A deep learning approach to pattern recognition for short DNA sequences

Akosua Busia
Clara Fannjiang
Lizzie Dorfman
Mark DePristo
bioArxiv (2018)

Abstract

Sequence-to-sequence alignment is a widely-used analysis method in bioinformatics. One common use of sequence alignment is to infer information about an unknown query sequence from the annotations of similar sequences in a database, such as predicting the function of a novel protein sequence by aligning to a database of protein families or predicting the presence/absence of species in a metagenomics sample by aligning reads to a database of reference genomes.
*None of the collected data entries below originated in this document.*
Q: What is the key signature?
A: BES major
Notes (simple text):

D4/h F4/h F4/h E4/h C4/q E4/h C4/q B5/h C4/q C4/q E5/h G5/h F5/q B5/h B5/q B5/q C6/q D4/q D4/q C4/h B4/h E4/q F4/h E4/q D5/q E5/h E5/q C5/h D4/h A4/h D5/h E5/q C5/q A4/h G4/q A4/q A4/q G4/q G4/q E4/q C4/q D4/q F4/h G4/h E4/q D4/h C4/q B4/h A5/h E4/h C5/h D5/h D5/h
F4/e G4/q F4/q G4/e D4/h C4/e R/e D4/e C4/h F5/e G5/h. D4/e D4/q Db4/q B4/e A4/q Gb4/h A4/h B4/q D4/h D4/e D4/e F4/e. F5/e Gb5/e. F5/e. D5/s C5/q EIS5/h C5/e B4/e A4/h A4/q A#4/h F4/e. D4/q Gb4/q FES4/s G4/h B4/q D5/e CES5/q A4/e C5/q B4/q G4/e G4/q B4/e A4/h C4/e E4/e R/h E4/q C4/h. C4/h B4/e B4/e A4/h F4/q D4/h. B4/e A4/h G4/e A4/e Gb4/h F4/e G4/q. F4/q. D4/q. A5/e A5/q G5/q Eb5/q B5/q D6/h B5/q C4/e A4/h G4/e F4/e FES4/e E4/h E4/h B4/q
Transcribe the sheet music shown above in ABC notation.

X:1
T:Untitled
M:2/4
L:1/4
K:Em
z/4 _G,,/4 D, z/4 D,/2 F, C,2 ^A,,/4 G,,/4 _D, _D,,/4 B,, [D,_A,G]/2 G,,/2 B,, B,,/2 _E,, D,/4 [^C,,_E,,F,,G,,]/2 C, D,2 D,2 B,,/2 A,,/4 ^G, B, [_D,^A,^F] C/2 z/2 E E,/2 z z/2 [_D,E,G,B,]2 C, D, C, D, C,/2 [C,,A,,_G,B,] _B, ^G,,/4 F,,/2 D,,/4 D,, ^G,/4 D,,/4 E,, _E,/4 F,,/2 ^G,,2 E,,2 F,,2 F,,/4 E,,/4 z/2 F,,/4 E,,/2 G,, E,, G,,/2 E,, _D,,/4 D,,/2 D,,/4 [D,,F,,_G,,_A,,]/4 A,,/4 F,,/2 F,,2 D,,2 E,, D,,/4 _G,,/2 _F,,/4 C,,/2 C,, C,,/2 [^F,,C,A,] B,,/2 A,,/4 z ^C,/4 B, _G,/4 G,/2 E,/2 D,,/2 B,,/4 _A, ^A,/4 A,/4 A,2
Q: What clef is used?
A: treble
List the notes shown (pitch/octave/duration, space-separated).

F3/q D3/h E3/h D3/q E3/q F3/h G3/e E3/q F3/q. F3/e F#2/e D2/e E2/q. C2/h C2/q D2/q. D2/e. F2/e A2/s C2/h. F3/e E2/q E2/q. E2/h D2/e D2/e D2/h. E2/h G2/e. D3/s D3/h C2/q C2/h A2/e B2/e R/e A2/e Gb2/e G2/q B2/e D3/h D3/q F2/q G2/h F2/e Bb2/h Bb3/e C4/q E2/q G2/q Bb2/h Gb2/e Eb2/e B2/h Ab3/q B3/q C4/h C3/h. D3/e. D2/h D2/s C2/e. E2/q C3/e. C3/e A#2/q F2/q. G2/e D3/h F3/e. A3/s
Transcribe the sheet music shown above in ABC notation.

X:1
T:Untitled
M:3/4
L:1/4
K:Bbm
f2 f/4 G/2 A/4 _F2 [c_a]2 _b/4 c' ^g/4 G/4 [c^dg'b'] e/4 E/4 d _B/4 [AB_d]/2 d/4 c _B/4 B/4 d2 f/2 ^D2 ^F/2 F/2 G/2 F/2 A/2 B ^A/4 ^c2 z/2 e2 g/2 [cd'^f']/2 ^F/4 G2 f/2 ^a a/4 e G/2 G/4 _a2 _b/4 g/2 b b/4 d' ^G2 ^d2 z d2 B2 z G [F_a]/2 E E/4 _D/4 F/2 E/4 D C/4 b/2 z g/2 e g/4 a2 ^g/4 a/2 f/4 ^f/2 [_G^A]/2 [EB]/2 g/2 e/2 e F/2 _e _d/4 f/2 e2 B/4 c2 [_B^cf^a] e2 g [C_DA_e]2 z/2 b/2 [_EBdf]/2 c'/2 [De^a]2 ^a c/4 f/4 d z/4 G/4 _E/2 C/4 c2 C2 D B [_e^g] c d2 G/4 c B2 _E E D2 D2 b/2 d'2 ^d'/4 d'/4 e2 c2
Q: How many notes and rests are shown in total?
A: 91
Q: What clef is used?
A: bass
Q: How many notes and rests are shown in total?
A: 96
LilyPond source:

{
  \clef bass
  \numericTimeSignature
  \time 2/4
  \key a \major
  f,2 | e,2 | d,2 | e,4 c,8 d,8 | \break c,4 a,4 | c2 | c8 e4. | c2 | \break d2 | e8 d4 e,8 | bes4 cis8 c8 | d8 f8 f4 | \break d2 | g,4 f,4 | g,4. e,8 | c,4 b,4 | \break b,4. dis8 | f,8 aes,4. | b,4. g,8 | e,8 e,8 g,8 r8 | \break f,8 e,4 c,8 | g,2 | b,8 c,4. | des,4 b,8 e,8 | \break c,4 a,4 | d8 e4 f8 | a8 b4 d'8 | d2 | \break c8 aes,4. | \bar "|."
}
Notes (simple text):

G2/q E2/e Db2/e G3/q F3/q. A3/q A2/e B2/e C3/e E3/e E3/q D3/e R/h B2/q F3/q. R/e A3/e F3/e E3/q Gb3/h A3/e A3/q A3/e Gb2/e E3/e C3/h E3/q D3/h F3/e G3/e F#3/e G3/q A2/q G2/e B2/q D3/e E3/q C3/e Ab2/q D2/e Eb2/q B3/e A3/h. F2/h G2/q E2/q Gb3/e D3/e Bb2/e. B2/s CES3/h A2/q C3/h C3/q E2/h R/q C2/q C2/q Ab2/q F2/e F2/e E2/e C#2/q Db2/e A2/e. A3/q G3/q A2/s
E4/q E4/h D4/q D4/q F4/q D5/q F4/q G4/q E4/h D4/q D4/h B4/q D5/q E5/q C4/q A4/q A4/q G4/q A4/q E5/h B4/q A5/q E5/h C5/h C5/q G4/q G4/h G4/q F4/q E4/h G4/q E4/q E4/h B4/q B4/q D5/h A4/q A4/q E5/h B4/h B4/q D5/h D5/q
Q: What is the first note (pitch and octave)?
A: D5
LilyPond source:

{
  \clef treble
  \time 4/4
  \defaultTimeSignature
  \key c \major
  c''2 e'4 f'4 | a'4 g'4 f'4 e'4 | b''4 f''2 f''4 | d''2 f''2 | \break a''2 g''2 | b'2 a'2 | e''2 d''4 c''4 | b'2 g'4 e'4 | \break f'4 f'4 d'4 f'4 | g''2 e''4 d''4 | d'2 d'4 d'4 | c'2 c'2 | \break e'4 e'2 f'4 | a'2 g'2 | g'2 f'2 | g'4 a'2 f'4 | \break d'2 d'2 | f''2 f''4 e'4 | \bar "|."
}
In this work we describe a deep learning approach to solve such problems in a single step by training a deep neural network (DNN) to predict the database-derived labels directly from the query sequence. We demonstrate the value of this DNN approach on a hard problem of practical importance: determining the species of origin of next-generation sequencing reads from 16s ribosomal DNA. In particular, we show that when trained on 16s sequences from more than 13,000 distinct species, our DNN can predict the species of origin of individual reads more accurately than existing machine learning baselines and alignment-based methods like BWA or BLAST, achieving absolute performance within 2.0% of perfect memorization of the training inputs. Moreover, the DNN remains accurate and outperforms read alignment approaches when the query sequences are especially noisy or ambiguous. Finally, these DNN models can be used to assess metagenomic community composition on a variety of experimental 16s read datasets. Our results are a first step towards our long-term goal of developing a general-purpose deep learning model that can learn to predict any type of label from short biological sequences.